Structured like a report card, the Reagan report grades the government in 10 major areas and dozens of subcategories, all related to what it calls the “National Security Innovation Base” — a construct carefully crafted to include innovative companies, laboratories, and universities outside the traditional defense industry. The scorecard is actually somewhat sanguine about America’s overall technological leadership in the world, giving it an A- despite a surge of patents, PhDs, and tech investment in China. But it all goes downhill from there.
Along with a bunch of Bs and Cs, the Reagan scorecard gave the country as a whole a D+ when it comes to fostering top-flight technical talent — a complex issue tied to education and immigration policies like the H-1B visa. Still worse, it gave the US a blunt D in what it calls “customer clarity”: In essence, how well the government connects to industry, not just through issuing policy statements and publishing strategies, but, most importantly, by providing tangible funding that gives innovators an incentive to work on tech the military wants.
That D for being a lousy customer breaks down into three subcategories, the scorecard continues.
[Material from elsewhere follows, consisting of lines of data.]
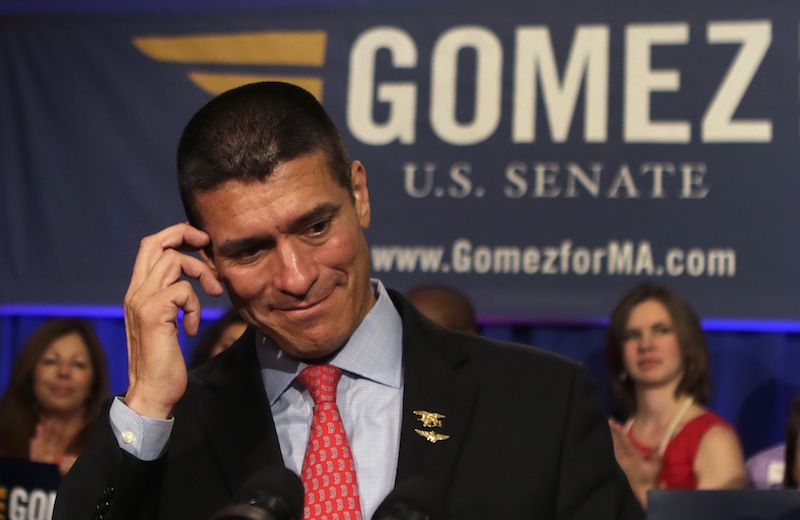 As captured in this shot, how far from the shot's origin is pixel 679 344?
12.3 ft

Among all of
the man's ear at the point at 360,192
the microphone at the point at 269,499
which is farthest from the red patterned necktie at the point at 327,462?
the microphone at the point at 269,499

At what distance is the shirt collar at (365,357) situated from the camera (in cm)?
174

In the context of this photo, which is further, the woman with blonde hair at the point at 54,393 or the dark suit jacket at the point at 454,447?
the woman with blonde hair at the point at 54,393

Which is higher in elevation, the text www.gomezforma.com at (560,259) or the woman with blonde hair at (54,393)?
the text www.gomezforma.com at (560,259)

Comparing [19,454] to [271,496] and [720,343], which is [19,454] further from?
[271,496]

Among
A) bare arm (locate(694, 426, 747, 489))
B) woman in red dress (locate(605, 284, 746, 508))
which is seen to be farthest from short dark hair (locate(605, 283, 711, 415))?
bare arm (locate(694, 426, 747, 489))

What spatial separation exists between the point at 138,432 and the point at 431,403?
43cm

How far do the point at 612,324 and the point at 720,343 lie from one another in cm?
70

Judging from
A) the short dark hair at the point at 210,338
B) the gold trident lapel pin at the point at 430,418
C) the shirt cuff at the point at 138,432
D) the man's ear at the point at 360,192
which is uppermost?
the man's ear at the point at 360,192

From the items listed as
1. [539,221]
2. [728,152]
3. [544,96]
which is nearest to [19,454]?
[539,221]

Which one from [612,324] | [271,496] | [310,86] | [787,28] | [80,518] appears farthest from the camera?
[310,86]

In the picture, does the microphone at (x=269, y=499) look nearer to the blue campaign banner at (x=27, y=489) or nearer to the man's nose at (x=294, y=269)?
the man's nose at (x=294, y=269)

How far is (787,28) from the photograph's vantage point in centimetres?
430

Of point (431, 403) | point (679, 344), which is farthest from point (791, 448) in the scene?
point (431, 403) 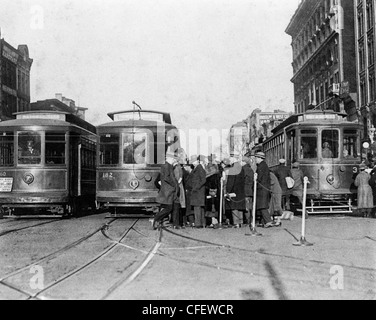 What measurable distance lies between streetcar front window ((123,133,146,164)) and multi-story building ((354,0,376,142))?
942 inches

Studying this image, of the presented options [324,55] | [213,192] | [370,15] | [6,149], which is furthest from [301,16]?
[213,192]

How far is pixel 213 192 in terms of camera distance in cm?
1455

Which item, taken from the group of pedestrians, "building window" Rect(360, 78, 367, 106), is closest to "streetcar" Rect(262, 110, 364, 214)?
the group of pedestrians

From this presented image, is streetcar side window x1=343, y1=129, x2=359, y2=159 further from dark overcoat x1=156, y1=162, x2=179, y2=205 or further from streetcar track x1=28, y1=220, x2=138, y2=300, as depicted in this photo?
streetcar track x1=28, y1=220, x2=138, y2=300

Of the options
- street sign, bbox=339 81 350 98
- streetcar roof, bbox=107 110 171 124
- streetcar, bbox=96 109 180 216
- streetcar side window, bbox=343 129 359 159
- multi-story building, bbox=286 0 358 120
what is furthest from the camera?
multi-story building, bbox=286 0 358 120

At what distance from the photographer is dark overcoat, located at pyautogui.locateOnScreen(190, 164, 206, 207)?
44.7 ft

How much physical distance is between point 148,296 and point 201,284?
87 cm

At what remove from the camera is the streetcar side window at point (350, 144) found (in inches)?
728

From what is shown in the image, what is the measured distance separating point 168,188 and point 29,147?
6024 mm

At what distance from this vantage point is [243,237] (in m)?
11.5

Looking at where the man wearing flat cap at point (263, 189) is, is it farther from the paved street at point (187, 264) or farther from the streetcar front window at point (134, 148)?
the streetcar front window at point (134, 148)

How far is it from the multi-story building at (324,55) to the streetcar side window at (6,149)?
3021 centimetres

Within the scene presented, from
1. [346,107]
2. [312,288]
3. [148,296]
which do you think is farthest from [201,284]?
[346,107] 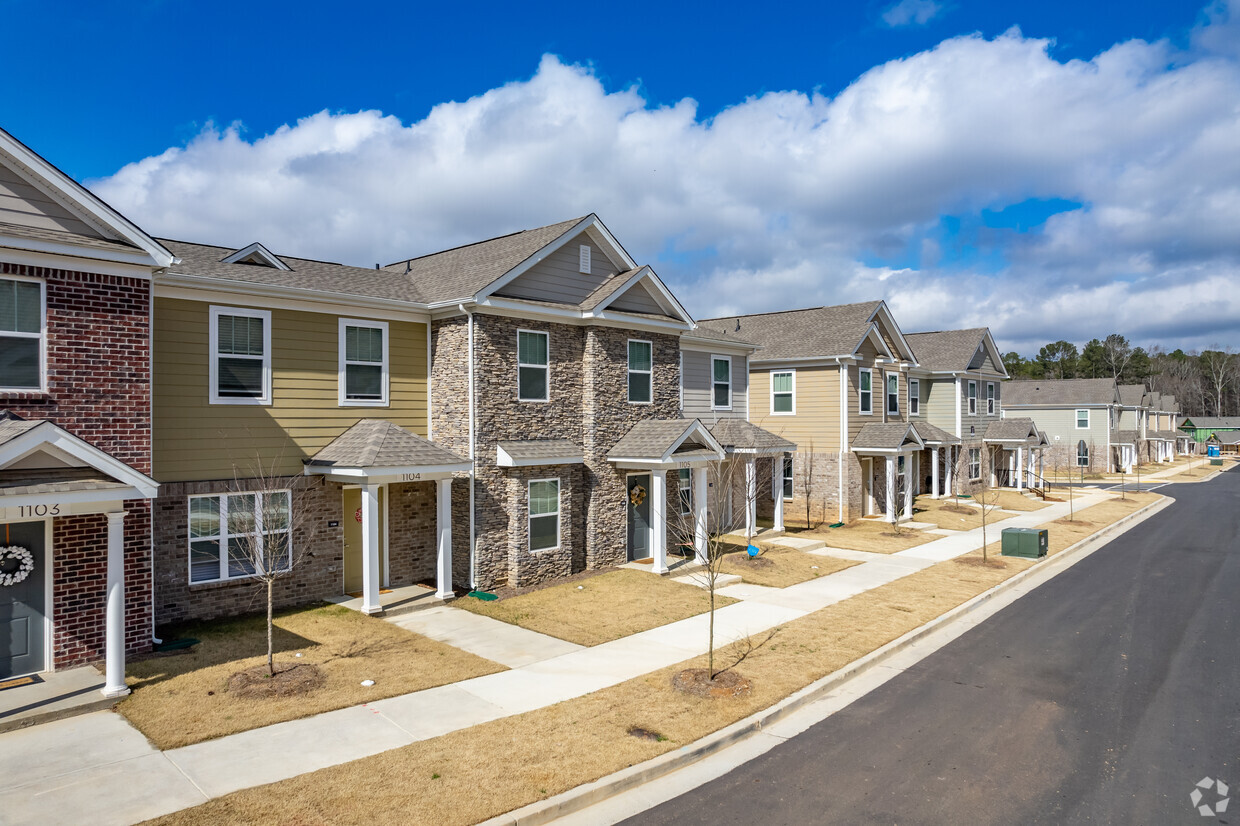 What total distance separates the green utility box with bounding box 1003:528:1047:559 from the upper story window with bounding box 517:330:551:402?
47.8ft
The government gets a C+ for patchy communication of policy, hampered by many agencies’ slowness in issuing public strategies and Congress’s slowness to confirm key officials, leaving key leadership slots vacant. The government gets a C- for making only limited use of streamlined acquisition processes that bypass the sclerotic traditional system. And it gets an F — the only failing grade in the entire report card — for providing erratic and ill-focused funding, with Congress routinely passing appropriations weeks or months late and frequently plussing-up traditional programs instead of new technology.
“The big companies have this problem with this inconsistent demand signal from government,” making it hard to plan long-term investments, said Eric Fanning, former Army Secretary (and Acting Air Force Secretary) who’s now CEO of the Aerospace Industries Association. “The smaller companies have all sorts of other barriers,” especially with the administrative overhead necessary to meet government requirements. And, he said, innovators whose technology has wide commercial applications — like drones or artificial intelligence — can afford to give up on government sales if the bureaucracy proves too difficult a customer.
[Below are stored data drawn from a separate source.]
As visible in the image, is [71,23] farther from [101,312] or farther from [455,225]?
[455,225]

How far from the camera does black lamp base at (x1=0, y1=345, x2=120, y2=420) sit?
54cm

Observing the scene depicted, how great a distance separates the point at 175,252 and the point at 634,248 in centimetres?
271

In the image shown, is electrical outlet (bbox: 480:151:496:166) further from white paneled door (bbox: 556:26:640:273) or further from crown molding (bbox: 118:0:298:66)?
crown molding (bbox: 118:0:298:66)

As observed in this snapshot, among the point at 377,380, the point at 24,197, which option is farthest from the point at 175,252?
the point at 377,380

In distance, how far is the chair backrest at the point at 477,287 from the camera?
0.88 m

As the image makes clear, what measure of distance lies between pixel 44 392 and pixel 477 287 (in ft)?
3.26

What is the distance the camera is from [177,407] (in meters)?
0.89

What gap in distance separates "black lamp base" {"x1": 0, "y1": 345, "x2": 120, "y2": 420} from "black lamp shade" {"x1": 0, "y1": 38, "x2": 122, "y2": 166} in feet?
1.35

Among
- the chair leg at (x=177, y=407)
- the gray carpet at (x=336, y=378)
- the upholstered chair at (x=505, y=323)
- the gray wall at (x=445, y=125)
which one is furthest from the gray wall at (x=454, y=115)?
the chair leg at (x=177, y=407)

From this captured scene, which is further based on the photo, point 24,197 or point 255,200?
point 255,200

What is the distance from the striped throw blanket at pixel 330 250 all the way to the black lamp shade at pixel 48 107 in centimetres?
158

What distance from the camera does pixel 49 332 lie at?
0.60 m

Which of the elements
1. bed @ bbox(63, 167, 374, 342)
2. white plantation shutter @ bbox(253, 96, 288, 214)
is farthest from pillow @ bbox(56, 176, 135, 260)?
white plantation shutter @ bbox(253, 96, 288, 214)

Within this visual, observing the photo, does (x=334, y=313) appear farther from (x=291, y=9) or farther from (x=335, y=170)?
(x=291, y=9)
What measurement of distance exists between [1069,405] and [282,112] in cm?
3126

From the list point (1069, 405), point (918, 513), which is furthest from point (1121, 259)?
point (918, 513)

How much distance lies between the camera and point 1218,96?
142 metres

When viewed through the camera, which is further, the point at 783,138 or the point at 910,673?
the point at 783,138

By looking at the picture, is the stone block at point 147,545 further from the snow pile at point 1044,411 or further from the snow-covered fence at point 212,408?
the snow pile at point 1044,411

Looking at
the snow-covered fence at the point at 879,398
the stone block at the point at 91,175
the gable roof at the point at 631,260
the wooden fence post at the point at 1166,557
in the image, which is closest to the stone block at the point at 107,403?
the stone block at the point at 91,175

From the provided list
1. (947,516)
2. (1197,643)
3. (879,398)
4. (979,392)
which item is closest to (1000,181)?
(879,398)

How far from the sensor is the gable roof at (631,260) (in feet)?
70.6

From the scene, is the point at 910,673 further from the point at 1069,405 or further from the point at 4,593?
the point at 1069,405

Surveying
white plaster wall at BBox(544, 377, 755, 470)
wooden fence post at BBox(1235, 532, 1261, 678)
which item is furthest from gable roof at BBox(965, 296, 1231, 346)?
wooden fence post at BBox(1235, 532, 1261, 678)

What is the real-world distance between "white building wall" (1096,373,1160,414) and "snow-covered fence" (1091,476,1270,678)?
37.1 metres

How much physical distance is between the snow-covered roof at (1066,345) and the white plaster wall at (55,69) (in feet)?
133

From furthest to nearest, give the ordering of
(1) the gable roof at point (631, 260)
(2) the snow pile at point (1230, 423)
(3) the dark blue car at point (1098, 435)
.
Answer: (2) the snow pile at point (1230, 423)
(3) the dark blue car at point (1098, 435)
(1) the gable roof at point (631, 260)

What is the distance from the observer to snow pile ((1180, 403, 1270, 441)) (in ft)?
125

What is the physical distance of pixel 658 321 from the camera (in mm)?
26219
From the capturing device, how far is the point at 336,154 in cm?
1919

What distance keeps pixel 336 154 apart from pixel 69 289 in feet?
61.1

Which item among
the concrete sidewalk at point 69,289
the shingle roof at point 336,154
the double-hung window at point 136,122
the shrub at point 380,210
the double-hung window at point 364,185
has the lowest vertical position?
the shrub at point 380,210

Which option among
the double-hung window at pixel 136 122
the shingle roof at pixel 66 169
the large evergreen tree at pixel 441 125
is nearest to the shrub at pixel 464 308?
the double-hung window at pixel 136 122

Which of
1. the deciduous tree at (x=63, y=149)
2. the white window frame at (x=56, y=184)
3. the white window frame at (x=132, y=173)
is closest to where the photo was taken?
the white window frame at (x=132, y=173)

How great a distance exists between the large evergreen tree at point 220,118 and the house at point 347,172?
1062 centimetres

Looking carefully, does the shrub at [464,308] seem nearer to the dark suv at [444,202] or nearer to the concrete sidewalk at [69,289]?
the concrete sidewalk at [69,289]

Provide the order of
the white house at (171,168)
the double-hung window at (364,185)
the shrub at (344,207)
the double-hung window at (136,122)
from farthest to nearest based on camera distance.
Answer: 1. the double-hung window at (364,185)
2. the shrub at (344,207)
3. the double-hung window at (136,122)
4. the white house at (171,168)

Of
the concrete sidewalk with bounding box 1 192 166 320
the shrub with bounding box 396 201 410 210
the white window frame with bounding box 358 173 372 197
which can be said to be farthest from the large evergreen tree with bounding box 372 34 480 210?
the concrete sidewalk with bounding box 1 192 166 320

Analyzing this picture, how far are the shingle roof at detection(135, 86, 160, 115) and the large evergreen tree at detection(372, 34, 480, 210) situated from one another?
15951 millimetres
Being a good customer is crucial, agreed Sreenivas Ramaswamy, a senior advisor at the Commerce Department. “I’ve been in this role for two years,” he said, “and one of things I’ve seen … is how much people underestimate the role of the Defense Department in issuing the demand signal.”
A Government Solution
So how to fix this? The government needs to make “bigger, bolder, more flexible bets” on emerging, high-potential technologies, the report recommends, and it needs to “foster stronger relationships” with the private-sector investors that drive most innovation in the modern economy, using government funding as seed money to draw larger private investments.
This does not require massive government purchases to build up entire industries, Ramaswamy emphasized. Instead, he argued, the government can help kickstart new sectors by buying a relatively small amount of new technology early on, when the price is still too high for most commercial applications.
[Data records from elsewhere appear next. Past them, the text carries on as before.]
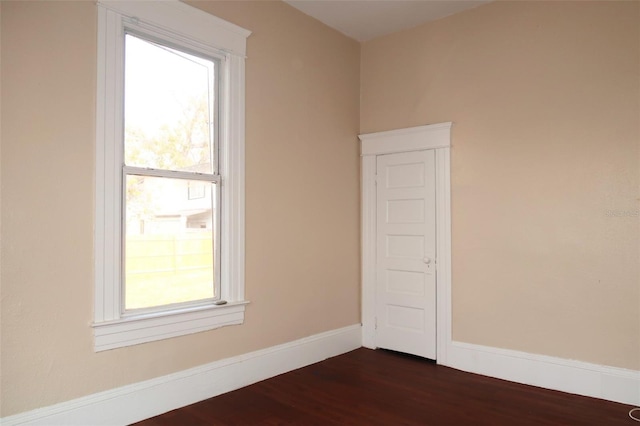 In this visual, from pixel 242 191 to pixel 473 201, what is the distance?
2.07 m

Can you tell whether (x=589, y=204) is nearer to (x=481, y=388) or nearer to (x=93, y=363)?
(x=481, y=388)

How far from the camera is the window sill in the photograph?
2744mm

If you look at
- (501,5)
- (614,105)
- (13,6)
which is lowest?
(614,105)

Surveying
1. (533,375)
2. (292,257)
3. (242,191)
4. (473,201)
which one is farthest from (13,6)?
(533,375)

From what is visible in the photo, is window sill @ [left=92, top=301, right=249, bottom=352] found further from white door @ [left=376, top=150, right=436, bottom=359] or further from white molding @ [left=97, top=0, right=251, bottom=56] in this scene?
white molding @ [left=97, top=0, right=251, bottom=56]

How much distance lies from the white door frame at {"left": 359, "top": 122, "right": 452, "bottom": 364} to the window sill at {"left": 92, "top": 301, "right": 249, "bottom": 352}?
1.61 meters

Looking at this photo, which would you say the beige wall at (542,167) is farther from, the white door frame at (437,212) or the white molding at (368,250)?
the white molding at (368,250)

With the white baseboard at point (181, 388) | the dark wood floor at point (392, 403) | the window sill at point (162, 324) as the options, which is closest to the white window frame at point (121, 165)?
the window sill at point (162, 324)

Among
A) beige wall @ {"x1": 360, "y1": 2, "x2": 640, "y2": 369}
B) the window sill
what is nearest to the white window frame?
the window sill

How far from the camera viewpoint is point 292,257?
3.98 metres

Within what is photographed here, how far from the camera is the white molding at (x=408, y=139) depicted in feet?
13.6

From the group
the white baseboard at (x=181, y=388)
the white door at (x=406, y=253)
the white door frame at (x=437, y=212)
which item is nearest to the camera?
the white baseboard at (x=181, y=388)

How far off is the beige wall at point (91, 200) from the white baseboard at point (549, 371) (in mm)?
1234

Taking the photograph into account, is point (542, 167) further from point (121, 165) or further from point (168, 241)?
point (121, 165) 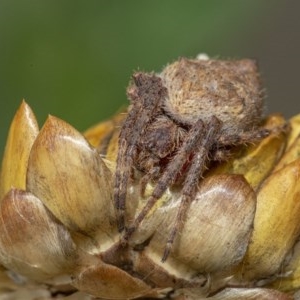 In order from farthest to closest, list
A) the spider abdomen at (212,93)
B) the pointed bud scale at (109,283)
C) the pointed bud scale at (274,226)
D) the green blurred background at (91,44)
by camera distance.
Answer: the green blurred background at (91,44)
the spider abdomen at (212,93)
the pointed bud scale at (274,226)
the pointed bud scale at (109,283)

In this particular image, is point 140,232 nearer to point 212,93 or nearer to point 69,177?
point 69,177

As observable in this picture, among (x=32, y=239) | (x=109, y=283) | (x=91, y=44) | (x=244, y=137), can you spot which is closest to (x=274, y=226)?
(x=244, y=137)

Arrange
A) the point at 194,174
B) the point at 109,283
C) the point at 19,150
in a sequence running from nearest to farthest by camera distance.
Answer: the point at 109,283 → the point at 194,174 → the point at 19,150

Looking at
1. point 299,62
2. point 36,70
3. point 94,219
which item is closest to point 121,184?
point 94,219

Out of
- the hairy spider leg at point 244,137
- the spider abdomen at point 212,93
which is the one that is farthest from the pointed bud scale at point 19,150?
the hairy spider leg at point 244,137

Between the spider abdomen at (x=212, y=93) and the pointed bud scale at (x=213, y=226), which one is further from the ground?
the spider abdomen at (x=212, y=93)

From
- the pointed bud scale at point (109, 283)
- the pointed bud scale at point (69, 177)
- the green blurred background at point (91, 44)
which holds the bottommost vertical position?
the pointed bud scale at point (109, 283)

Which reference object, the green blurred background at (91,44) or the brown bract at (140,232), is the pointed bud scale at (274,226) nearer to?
the brown bract at (140,232) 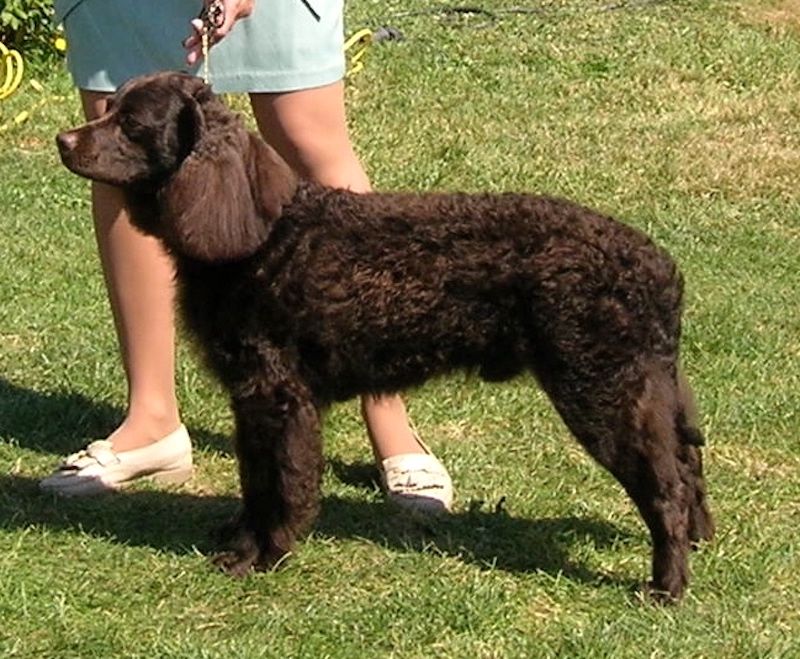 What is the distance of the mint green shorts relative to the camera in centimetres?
488

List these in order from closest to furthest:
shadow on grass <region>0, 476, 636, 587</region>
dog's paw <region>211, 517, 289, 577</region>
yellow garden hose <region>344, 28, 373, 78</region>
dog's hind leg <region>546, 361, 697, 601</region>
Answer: dog's hind leg <region>546, 361, 697, 601</region>
dog's paw <region>211, 517, 289, 577</region>
shadow on grass <region>0, 476, 636, 587</region>
yellow garden hose <region>344, 28, 373, 78</region>

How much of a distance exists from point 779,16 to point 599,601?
9.22 m

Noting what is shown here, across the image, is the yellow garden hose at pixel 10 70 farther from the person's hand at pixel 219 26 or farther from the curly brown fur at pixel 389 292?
the curly brown fur at pixel 389 292

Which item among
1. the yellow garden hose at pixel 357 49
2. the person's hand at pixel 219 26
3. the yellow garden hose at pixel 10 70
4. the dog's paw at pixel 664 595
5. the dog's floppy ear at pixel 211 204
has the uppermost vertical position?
the person's hand at pixel 219 26

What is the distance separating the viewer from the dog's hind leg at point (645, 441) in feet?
13.8

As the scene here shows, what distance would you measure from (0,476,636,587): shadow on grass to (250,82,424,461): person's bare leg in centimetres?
37

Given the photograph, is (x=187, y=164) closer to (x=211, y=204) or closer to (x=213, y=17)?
(x=211, y=204)

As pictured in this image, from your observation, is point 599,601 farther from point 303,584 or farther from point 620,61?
point 620,61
But encouraging and exploiting private-sector investment is not something the government usually thinks about. “It wasn’t until I became chairman that I became focused on outside investment and talked to investors,” said Thornberry, “[because] we don’t vote on that.”
“Government… as a whole does not understand the private capital that is leveraged by the Department of Defense,” said Fanning. A modest Pentagon purchase can incentivize the private sector to make its own investments in the hope of landing future sales — if those investors feel they can rely on that future government funding to materialize.
So what mechanisms would work for this kind of funding? Congress and the Pentagon have enacted significant reforms, like Mid-Tier Acquisition — although there’s been recent pushback about MTA on Capitol Hill — and the Software Pathway. But for both fiscal and cultural reasons, the experts said at today’s conference, it’s been a struggle to scale these up to have a major impact.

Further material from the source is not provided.